EHR Association reveals Code of Conduct

EHR Association hands down Developer Code of Conduct

Calling it a landmark move, the HIMSS EHR Association, a collaboration of more than 40 EHR companies, today released an EHR Developer Code of Conduct. 

“Representing the majority of operational EHRs in physicians’ practices and hospitals in the U.S., today, we understand firsthand the transformative power of health IT, and we offer this Code of Conduct as a reflection of our industry’s ongoing commitment to collaborate as trusted partners with all stakeholders,” said EHR Association Chair Mickey McGlynn, senior director, strategy & operations at Siemens Healthcare, in making the announcement.

ONC chief Farzad Mostashari, MD, who has been critical of some vendor practices, today gave the EHRA kudos on its initiative, especially as it pertains to patient safety.

"The commitment here is very much in line with our national plan," he said. "No customer will feel that they can’t report a patient safety event, and the vendors will investigate them, will remediate them," he said. "It’s really very positive to see the association coming together and making a statement about what we stand for. This is what we believe is the right way to treat our customers."

The Association developed the code as a reflection of its members’ commitment to supporting safe healthcare delivery, fostering continued innovation, and operating with high integrity in the market for EHR users and their patients and families, McGlynn said.

In response to a question at today's launch of the code, McGlynn emphasized that while the code was approved by the EHR Association, it became available today, and it's now up to individual companies to adopt it.

However, it did immediately draw support from Siemens.

"The release of the EHR Developer Code of Conduct by the EHR Association is an important milestone in the maturation of the healthcare information technology industry, and we at Siemens Healthcare are proud to have supported its drafting and ratification," said John Glaser, CEO, Siemens Healthcare, Health Services. "The Code of Conduct includes many elements that just make too much sense to be ignored, and it's my belief that Siemens and many players in this industry have already been adhering to many of these principles. Codifying these principles and providing a transparent way to show customers that companies are going to adopt them will help propel our industry's ability to deliver safer, more effective and more interoperable solutions."

Mostashari said at the news conference that he expects the EHRA has vendors stacked up and ready to announce adoption in the near-term.

The EHR Association’s Code of Conduct Workgroup began to work on the code early this year, and during that process they engaged with a number of stakeholder organizations to gain insights from a variety of perspectives.
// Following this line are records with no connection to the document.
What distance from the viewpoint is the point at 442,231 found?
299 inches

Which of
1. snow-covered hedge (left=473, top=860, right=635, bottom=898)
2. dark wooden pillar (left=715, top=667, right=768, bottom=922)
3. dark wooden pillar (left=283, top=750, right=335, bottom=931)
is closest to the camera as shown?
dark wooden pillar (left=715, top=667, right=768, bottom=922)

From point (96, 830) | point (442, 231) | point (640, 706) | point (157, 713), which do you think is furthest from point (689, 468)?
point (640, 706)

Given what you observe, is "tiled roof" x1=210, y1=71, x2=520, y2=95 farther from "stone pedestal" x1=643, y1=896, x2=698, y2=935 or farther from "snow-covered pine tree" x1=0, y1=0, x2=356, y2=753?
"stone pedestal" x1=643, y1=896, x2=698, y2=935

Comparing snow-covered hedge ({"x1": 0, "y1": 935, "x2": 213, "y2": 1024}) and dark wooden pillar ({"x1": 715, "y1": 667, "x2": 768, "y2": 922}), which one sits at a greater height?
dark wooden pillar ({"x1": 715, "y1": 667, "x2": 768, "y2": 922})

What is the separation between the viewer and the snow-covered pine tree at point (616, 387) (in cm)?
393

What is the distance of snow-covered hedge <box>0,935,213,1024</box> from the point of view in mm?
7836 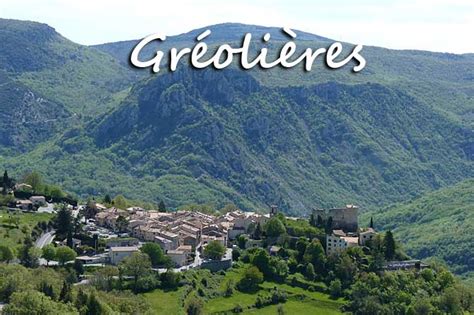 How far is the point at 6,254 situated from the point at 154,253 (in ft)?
53.5

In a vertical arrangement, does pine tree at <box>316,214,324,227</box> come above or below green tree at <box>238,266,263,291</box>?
above

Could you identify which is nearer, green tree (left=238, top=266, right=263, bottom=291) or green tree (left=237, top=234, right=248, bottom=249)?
green tree (left=238, top=266, right=263, bottom=291)

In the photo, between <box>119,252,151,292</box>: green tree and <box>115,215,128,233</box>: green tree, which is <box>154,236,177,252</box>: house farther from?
<box>119,252,151,292</box>: green tree

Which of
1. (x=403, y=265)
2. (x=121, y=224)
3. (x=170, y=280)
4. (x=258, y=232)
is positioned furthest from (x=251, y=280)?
(x=121, y=224)

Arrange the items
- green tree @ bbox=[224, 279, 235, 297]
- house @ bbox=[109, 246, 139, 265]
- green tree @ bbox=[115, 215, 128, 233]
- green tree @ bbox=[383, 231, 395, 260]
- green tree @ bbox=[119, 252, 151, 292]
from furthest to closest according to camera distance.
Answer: green tree @ bbox=[115, 215, 128, 233] < green tree @ bbox=[383, 231, 395, 260] < house @ bbox=[109, 246, 139, 265] < green tree @ bbox=[224, 279, 235, 297] < green tree @ bbox=[119, 252, 151, 292]

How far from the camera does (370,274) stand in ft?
324

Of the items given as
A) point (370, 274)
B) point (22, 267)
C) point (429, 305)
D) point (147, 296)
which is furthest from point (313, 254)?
point (22, 267)

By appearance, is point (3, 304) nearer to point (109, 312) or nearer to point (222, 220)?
point (109, 312)

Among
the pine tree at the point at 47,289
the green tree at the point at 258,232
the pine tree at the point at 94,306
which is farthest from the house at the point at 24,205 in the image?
the pine tree at the point at 94,306

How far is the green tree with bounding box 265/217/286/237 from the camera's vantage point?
363 feet

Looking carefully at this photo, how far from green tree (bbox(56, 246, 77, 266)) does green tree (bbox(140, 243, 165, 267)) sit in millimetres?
8297

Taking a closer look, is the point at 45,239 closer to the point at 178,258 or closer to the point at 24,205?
the point at 178,258

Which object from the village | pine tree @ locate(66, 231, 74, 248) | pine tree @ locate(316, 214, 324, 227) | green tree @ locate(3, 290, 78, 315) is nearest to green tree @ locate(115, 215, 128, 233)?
the village

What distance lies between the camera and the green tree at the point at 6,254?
87681 mm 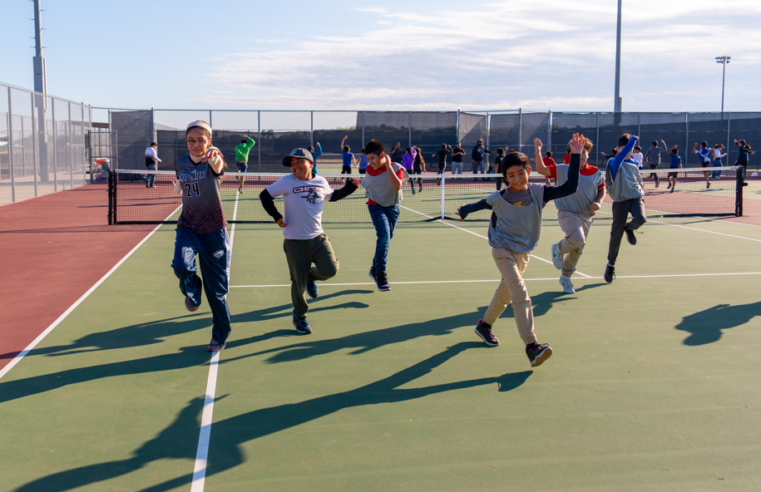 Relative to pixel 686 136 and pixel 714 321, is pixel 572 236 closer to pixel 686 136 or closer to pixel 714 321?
pixel 714 321

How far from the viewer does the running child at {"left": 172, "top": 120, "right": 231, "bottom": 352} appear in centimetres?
552

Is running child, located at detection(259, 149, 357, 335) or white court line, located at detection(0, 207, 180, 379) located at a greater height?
running child, located at detection(259, 149, 357, 335)

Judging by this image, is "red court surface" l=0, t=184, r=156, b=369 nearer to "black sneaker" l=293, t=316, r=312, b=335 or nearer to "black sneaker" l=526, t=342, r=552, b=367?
"black sneaker" l=293, t=316, r=312, b=335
The group also reviewed codes of conduct or other organizations and industries.

“We reached out to the diverse set of people and organizations we work with routinely in developing and implementing EHRs,” McGlynn said. “We incorporated very useful input from provider groups, consumer organizations, commercial payers and the government to ensure that the code of conduct reflects an open and balanced set of principles. We now offer the code, which will continue to evolve in coming years, to encourage transparency and collaboration among EHR developers, as well as between EHR developers, their customers and other industry stakeholders.”

As Michael Barr, senior vice president at the American College of Physicians, sees it, “the code establishes firm principles that are very responsive to the issues physicians and other healthcare professionals would like addressed as they try to select, implement and optimize EHR solutions in practice.”
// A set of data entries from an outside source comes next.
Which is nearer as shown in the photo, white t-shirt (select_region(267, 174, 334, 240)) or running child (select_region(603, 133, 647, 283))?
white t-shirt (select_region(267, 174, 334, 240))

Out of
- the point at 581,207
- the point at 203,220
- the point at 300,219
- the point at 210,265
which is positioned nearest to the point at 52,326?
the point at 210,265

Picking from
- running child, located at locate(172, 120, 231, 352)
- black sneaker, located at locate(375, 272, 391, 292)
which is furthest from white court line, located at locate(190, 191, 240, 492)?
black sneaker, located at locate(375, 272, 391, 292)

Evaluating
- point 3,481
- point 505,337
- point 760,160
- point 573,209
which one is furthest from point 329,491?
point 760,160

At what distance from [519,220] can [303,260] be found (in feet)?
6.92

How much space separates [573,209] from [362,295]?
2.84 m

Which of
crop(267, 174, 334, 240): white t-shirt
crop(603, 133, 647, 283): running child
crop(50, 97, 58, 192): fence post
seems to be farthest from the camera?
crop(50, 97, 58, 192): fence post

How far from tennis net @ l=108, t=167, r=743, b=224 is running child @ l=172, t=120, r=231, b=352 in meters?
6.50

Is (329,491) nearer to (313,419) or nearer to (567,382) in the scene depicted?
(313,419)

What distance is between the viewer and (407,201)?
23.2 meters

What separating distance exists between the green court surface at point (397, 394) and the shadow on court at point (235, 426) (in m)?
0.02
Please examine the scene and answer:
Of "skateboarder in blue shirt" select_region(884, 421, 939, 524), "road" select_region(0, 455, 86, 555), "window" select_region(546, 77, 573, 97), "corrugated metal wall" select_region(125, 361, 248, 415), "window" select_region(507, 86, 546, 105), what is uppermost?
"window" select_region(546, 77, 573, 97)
He said the code addresses issues associated with EHRs that physicians care about: patient safety, interoperability, documentation, privacy and security, and patient engagement. And, as physicians feel "tremendous pressure" to adoptmeaningful use and to change their practices on many fronts, the code becomes all the more important.

It's particularly critical, he said, not to contractually limit the discussion about patient safety.
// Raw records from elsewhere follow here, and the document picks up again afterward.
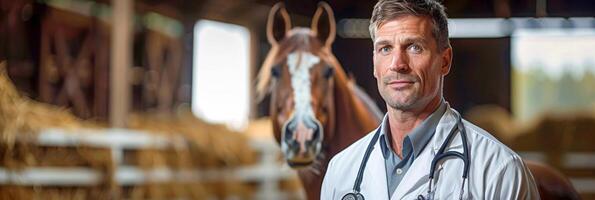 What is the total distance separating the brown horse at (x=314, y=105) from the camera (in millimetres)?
2688

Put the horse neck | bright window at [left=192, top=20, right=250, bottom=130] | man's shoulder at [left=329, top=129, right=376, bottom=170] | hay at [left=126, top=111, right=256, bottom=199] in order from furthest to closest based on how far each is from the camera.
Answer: hay at [left=126, top=111, right=256, bottom=199]
bright window at [left=192, top=20, right=250, bottom=130]
the horse neck
man's shoulder at [left=329, top=129, right=376, bottom=170]

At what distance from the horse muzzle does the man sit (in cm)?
91

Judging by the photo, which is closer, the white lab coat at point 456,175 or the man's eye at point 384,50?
the white lab coat at point 456,175

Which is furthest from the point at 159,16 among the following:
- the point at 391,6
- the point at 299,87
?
the point at 391,6

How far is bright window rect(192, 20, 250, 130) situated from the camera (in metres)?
3.01

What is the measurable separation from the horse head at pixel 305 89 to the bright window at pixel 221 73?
23cm

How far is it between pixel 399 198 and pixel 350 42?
1127 millimetres

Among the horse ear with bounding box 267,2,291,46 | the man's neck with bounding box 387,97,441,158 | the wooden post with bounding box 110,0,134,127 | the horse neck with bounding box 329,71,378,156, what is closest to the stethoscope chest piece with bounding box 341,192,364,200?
the man's neck with bounding box 387,97,441,158

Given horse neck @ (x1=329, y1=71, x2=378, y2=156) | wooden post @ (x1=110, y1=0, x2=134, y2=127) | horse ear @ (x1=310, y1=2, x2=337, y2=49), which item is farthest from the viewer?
wooden post @ (x1=110, y1=0, x2=134, y2=127)

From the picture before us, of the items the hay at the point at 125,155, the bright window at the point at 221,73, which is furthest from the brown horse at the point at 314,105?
the hay at the point at 125,155

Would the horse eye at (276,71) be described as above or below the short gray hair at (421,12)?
below

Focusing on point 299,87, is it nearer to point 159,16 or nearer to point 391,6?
point 159,16

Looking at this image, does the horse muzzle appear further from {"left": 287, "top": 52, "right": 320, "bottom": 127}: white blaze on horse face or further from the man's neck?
the man's neck

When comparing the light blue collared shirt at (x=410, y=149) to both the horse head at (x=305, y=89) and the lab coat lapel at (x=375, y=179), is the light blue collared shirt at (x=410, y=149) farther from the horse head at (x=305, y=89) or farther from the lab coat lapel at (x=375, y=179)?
the horse head at (x=305, y=89) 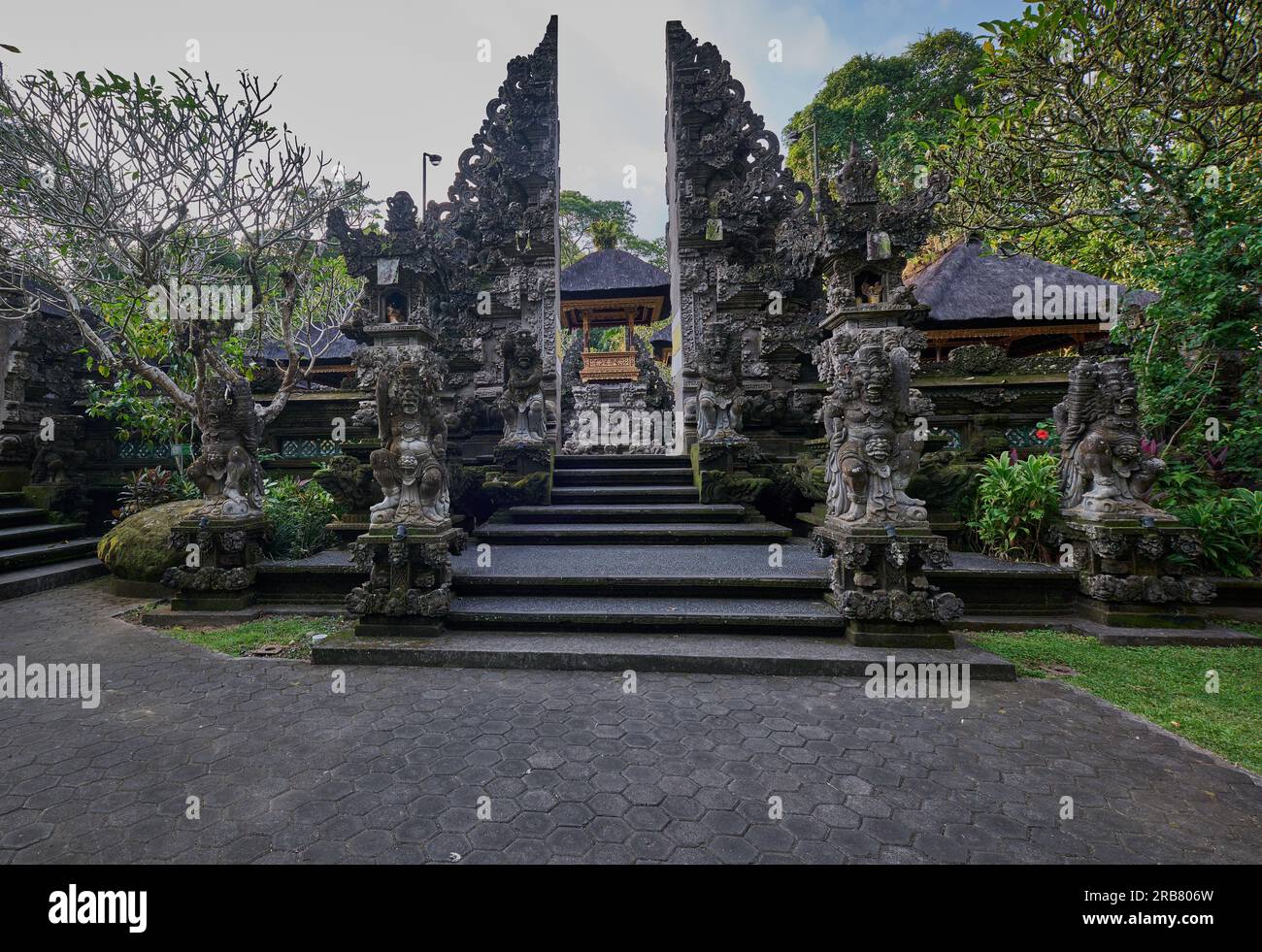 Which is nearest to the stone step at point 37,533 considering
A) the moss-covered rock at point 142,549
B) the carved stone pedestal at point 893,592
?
the moss-covered rock at point 142,549

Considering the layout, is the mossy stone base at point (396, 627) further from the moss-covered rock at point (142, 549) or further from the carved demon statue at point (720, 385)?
the carved demon statue at point (720, 385)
EHR Association Vice Chair Leigh Burchell, vice president of government affairs at Allscripts, said the association encourages all developers to adopt the code, whether they are members or not.

“We worked closely with our member companies during the process of gaining approval of the Code across the Association. Based on the feedback so far from those companies, we believe that there will be a very positive response among our membership to the Code as an extension of their commitment to customers, prospects, employees and partners.”